§ Records shown:

= = =

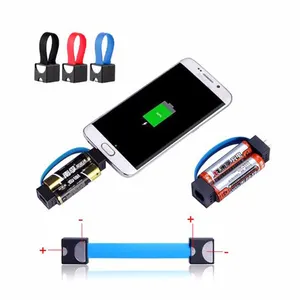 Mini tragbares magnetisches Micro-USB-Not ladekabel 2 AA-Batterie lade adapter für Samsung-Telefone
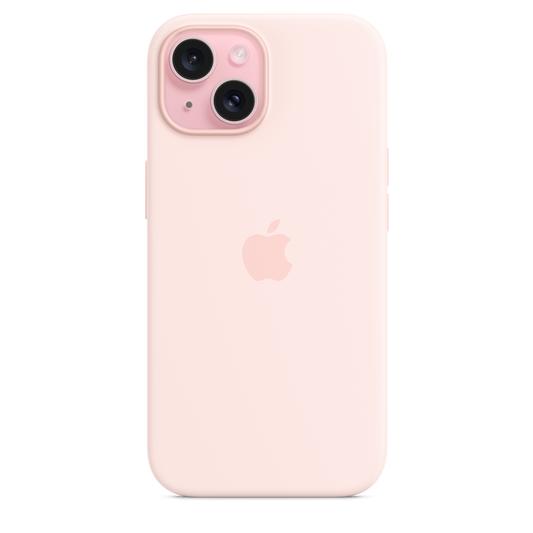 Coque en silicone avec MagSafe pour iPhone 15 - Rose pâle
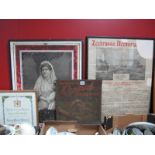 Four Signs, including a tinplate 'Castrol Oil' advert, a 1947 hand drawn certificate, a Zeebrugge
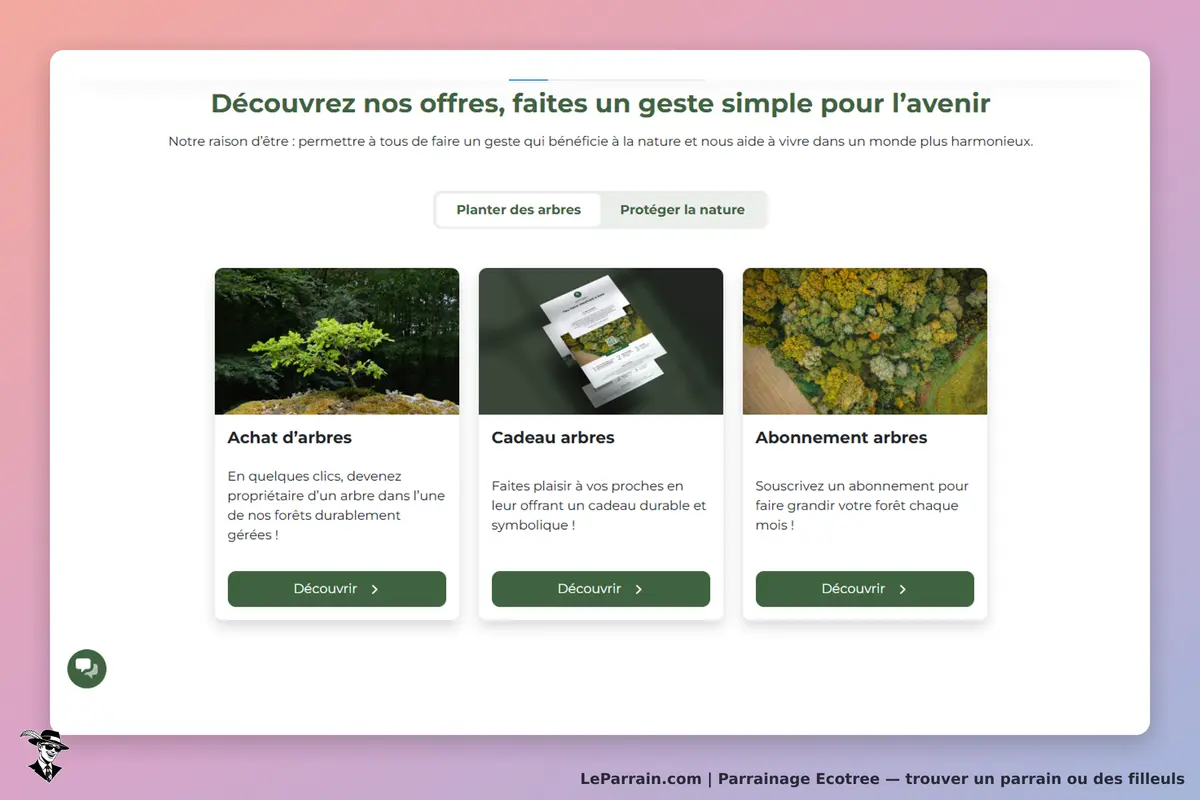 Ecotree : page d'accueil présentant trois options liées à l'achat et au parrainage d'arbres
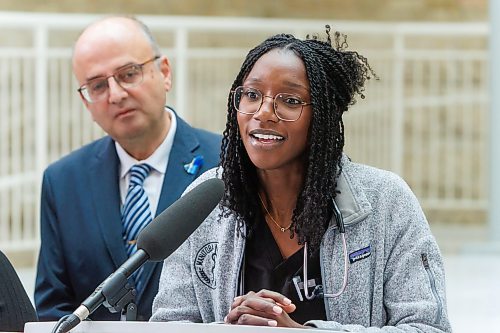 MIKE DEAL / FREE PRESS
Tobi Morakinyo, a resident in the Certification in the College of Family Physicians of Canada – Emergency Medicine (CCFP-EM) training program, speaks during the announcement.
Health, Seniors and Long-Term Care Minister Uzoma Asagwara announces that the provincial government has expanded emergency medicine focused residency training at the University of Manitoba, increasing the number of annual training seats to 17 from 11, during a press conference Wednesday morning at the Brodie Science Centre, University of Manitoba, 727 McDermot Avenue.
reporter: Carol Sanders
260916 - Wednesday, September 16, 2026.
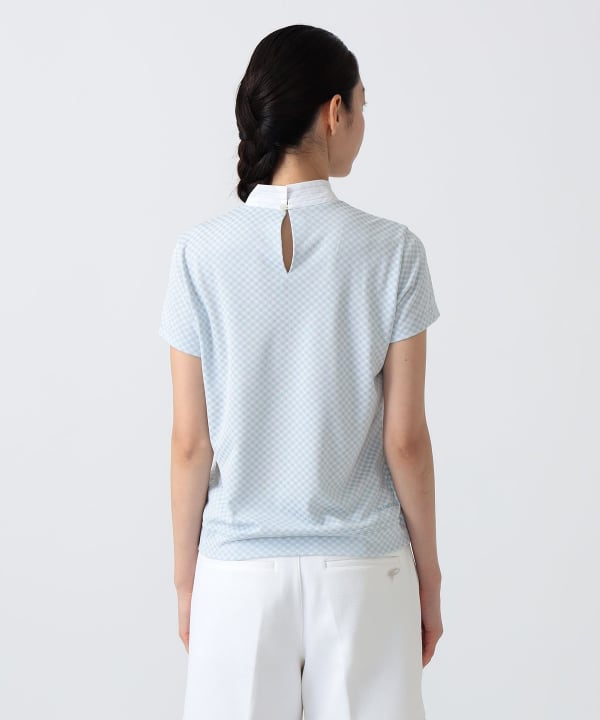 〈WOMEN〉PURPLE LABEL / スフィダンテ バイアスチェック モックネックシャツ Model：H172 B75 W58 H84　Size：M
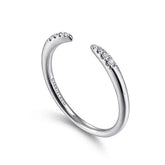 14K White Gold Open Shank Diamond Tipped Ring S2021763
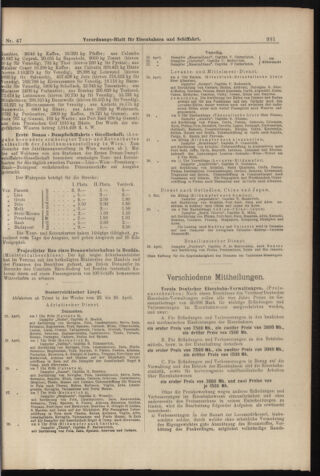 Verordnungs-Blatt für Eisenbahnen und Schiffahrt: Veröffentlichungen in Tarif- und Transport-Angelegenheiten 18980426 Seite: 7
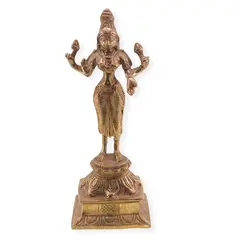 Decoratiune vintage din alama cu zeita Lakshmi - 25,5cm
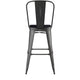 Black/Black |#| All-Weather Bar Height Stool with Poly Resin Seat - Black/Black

= = =

Output nothing but the lines from the line with "Verordnungs-Blatt für Eisenbahnen" through the last line of the material above, please, word for word and without the pictures.

§ Output for this exercise:
 Verordnungs-Blatt für Eisenbahnen und Schiffahrt: Veröffentlichungen in Tarif- und Transport-Angelegenheiten 18980426 Seite: 7
 Decoratiune vintage din alama cu zeita Lakshmi - 25,5cm
 Black/Black |#| All-Weather Bar Height Stool with Poly Resin Seat - Black/Black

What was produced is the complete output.